===== Provided data

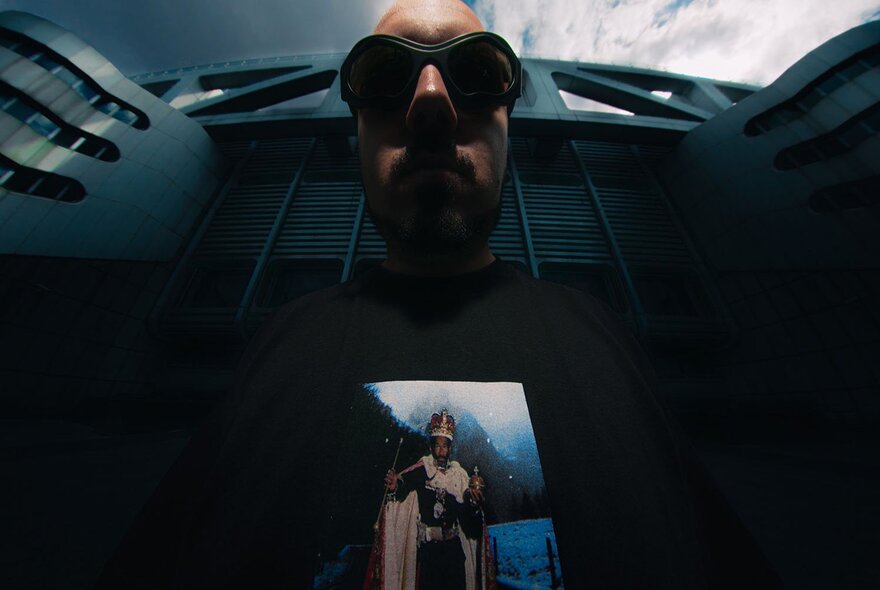 Foreshortened image taken from below of a man in sunglasses, wearing a black t-shirt with an image printed on it, a building looming large behind him.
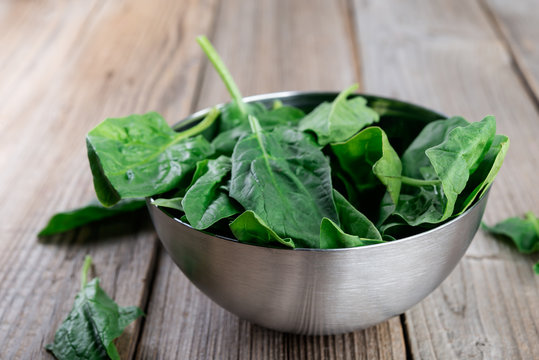 Spinach leaves in a  bowl on rustic wooden table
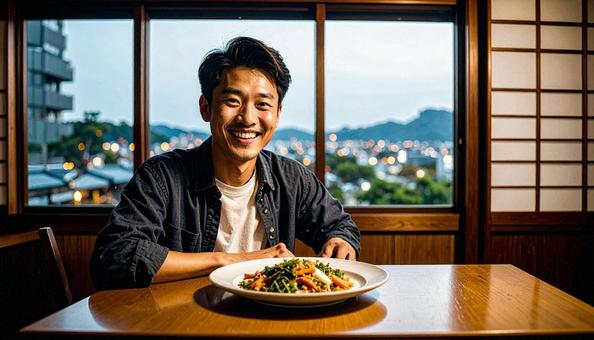 お皿を前に笑顔の男性 お皿を前に笑顔の男性の写真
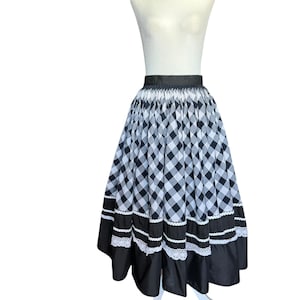 May include: A black and white checkered skirt with a black waistband and hem. The skirt has a full, pleated design with white lace trim. The skirt is displayed on a white mannequin.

==========

= Work request =
Only the lines that lie between the start of the listing and the line containing "お皿を前に笑顔の男性 お皿を前に笑顔の男性の写真", both included, belong in the answer; write them out exactly and omit pictures.

= Answer space =
 Foreshortened image taken from below of a man in sunglasses, wearing a black t-shirt with an image printed on it, a building looming large behind him.
 Spinach leaves in a  bowl on rustic wooden table
 お皿を前に笑顔の男性 お皿を前に笑顔の男性の写真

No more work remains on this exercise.